Tangentially relevant.  It's Liberal Literalism, lacking the mythic-only paradigm.  Jesus and MM literally existed and were literally married and had literal offspring carrying the literal blood of a literal dynasty of literal kings.  It's not based in mystic-state experiencing.

>Should be read by anyone interested in the field ?

One should know the poor paradigm it reflects: Liberal literalism deficient in mystic altered-state experiencing, misreading metaphorical description of mystic experiencing in a literalist mode.

Female John in Golden Children's Bible

Golden Children's Bible: The Old Testament and the New Testament

Joseph Miralles (Illustrator)

http://www.amazon.com/exec/obidos/ASIN/0307165205

Classic, reprinted 1993, many pics, 512p, 9.7x7.0" (med-size), 58K rank (popular), intermediate.
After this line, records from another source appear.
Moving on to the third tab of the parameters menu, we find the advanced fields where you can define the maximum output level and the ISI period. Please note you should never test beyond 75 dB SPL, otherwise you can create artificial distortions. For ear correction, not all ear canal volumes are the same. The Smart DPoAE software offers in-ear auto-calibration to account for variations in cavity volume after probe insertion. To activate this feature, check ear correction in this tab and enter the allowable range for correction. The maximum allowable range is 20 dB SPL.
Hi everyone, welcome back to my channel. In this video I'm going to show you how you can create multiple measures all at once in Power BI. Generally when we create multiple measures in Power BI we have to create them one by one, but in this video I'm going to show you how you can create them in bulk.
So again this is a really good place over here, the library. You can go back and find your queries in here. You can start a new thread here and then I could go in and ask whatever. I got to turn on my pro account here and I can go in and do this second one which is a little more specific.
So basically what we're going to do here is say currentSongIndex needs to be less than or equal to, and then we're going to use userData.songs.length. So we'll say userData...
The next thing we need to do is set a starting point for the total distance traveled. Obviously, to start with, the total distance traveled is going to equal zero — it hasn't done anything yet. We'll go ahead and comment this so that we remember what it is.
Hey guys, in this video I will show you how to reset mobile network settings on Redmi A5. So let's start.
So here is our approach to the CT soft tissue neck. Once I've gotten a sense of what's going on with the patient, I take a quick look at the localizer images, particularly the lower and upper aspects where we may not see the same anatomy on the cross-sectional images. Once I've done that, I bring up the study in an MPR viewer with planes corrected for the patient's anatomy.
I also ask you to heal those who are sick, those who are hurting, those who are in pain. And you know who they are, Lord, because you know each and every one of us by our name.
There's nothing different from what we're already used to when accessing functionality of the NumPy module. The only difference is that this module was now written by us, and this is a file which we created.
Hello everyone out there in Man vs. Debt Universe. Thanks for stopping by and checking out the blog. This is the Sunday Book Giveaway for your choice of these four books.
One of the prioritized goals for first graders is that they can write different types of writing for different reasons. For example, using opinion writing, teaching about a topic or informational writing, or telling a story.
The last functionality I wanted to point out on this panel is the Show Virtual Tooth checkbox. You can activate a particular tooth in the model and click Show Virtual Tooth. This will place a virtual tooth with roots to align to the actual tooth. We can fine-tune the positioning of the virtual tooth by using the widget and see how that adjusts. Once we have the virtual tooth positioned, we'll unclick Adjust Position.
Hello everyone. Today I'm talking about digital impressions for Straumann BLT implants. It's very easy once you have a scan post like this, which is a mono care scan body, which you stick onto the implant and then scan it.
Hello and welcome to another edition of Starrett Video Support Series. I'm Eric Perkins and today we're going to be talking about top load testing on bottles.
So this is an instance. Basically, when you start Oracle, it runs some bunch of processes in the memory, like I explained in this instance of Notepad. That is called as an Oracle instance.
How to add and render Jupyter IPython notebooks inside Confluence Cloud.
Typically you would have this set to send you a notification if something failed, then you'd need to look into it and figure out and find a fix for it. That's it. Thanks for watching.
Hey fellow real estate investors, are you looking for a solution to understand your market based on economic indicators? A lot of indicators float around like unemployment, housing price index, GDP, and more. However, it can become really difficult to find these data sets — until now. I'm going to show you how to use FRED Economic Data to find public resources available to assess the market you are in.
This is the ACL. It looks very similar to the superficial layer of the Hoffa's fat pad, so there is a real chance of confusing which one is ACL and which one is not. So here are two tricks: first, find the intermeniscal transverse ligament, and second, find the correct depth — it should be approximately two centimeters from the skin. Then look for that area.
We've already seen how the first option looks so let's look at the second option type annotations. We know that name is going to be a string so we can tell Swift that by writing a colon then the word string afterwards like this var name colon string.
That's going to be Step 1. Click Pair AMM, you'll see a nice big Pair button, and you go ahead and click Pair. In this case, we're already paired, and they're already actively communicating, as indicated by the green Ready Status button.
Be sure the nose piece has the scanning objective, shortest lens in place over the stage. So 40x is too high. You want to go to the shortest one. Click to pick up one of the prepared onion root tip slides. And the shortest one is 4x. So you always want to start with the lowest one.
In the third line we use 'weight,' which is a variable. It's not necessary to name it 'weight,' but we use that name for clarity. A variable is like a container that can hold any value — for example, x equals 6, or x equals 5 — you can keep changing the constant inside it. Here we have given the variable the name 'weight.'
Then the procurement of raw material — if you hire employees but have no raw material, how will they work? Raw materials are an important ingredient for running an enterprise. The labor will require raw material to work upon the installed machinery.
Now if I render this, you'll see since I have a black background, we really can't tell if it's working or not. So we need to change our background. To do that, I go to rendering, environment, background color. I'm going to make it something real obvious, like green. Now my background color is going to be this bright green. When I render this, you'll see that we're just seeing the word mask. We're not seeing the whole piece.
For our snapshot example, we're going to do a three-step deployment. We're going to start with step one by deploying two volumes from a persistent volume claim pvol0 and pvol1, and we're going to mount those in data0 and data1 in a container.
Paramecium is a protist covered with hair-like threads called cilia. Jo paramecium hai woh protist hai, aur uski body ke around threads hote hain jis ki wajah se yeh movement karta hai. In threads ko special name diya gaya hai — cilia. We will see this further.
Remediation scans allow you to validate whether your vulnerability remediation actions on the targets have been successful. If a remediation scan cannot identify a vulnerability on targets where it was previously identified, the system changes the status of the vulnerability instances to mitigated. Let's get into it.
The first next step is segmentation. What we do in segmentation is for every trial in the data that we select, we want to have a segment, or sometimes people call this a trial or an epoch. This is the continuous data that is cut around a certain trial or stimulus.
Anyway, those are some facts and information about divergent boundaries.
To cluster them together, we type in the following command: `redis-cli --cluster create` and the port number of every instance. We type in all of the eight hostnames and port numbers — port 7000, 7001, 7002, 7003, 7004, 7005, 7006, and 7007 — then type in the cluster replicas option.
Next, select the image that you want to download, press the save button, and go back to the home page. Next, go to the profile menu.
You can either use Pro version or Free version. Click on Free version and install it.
The classic book Golden Children's Bible, following perhaps the dominant artistic tradition, portrays John as a female.  I agree with the tradition that holds that the figure of Mary Magdalene was renamed to "John" as a code-name due to orthodox coercion.  Mary Magdalene as a figurehead is associated with Gnostic Christian roots, while Peter is the conflicting champion of the official hierarchical Church.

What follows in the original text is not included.